Analysis: Rule 12B treated the person getting textile goods manufactured on job work as responsible for discharge of duty, while the circular clarified that duty was to be discharged when the goods were cleared from the job worker's premises. The valuation method followed the Ujagar Prints principle, namely cost of raw materials plus job charges. The assessee's later activities of cutting and packing did not amount to manufacture, so the post-return sale value could not be adopted for excise valuation.
Conclusion: The issue was decided in favour of the assessee; the correct valuation was the job-worker stage value and not the subsequent sale price.
Issue (ii): whether duty, penalty, and the extended period could be sustained for grey fabrics manufactured before 31-3-2003 but cleared after levy was introduced.

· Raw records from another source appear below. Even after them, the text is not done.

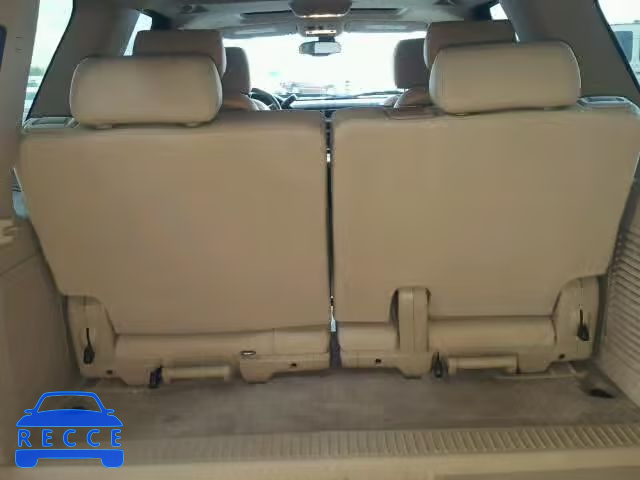 2009 CHEVROLET TAHOE LTZ 1GNFK33049R290647 image 8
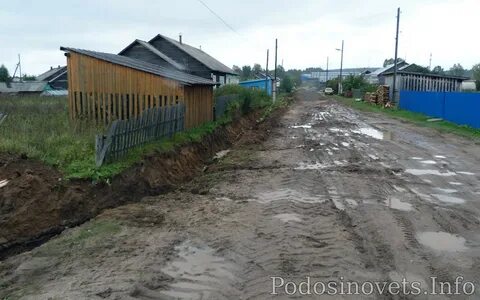 Погода подосиновец на 3 дня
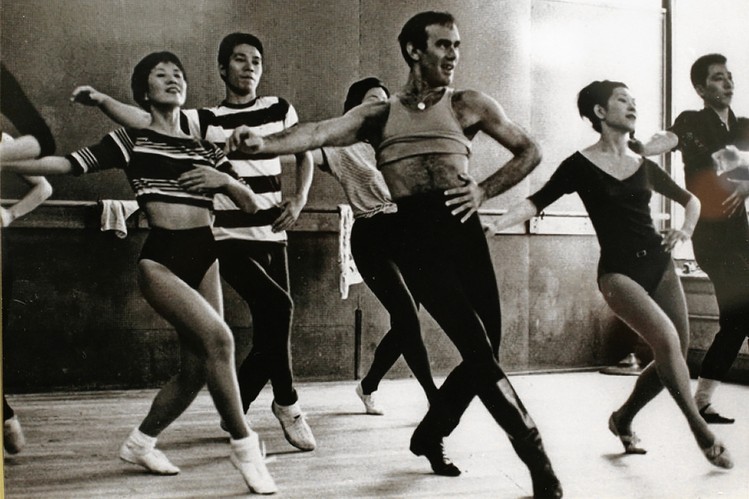 爵士为什么会被歧视,爵士舞真正的起源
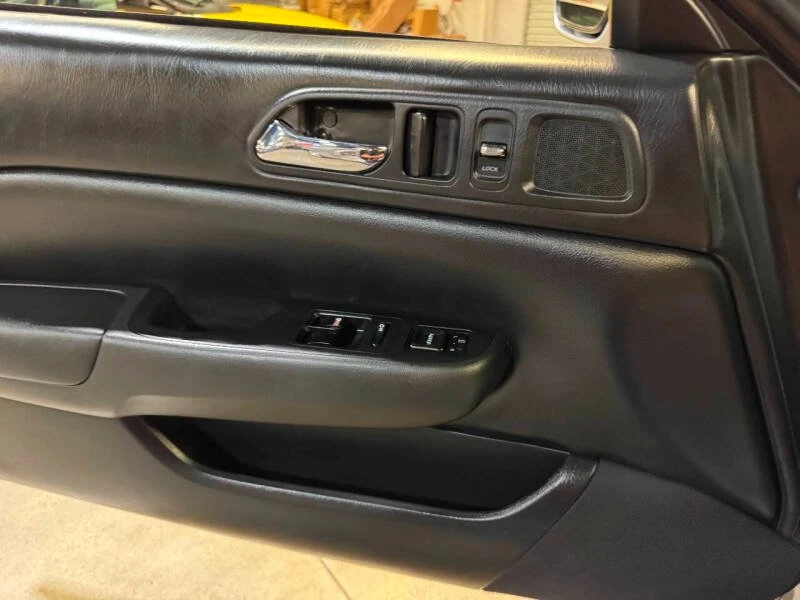 2001 Honda Prelude 5th Gen - Image 18 of 20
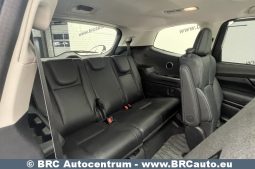 Subaru Ascent 2.4i Limited Automatas 2020 full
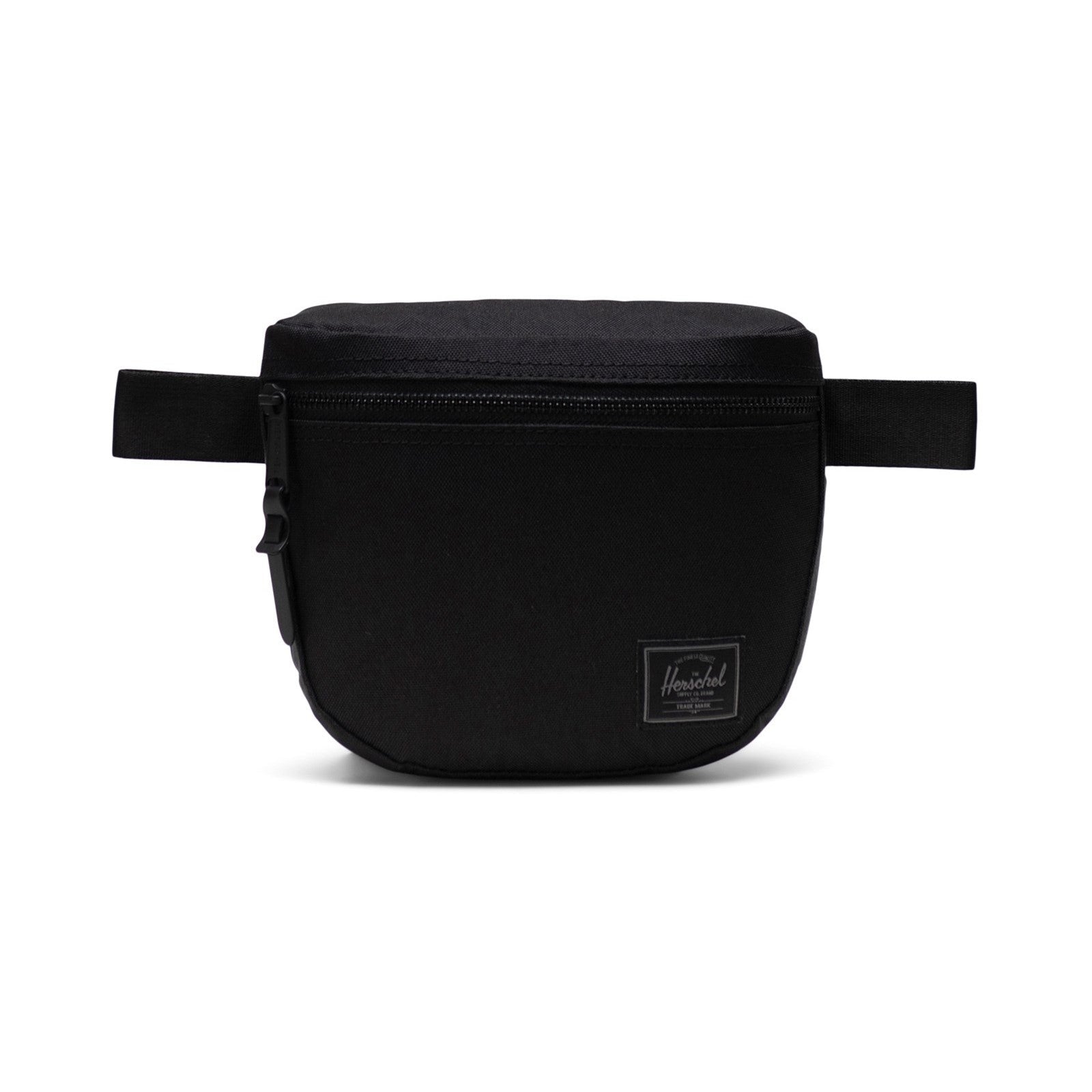 Herschel Settlement Hip Pack Bag | Black Tonal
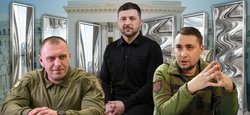 Кадровий ребус Зеленського: чому Василь Малюк йде з посади голови СБУ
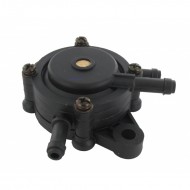 Replacement Briggs and Stratton Kohler Honda Kawasaki Plastic Fuel Pump Replacement Briggs and Stratton Kohler Honda Kawasaki Plastic Fuel Pump
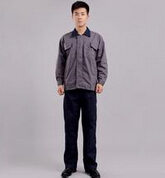 機(jī)械工作服，機(jī)械廠工作服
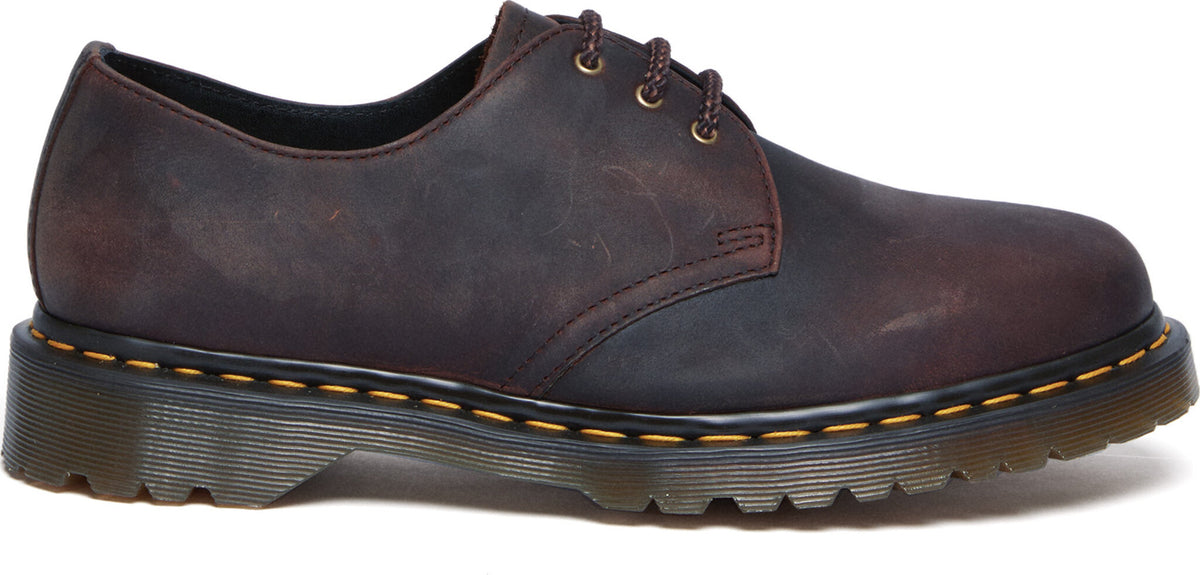 Dr. Martens 1461 Smooth Leather Shoe - Men's | Altitude Sports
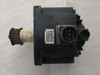 1Pc Used Delta Servo Motor Ecma-E11820Rs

Analysis: Liability to excise duty arises with manufacture, not merely on clearance, and goods manufactured when no levy existed could not be subjected to duty simply because they were cleared later. On the facts, the department was already aware of the assessee's activities, so suppression was not established and the longer limitation period was unavailable. In the absence of duty liability, penalty under Section 11AC of the Central Excise Act, 1944 also could not survive.
Conclusion: The issue was decided in favour of the assessee; no duty, penalty, or extended limitation was sustainable on the pre-levy goods.
Final Conclusion: The demand was unsustainable both on valuation and on the pre-levy clearances, resulting in complete relief to the assessee.
Ratio Decidendi: For textile job work under Rule 12B, excise duty is assessable at the job worker's clearance stage on raw material cost plus job charges, and goods manufactured before levy cannot be charged merely because they are cleared later.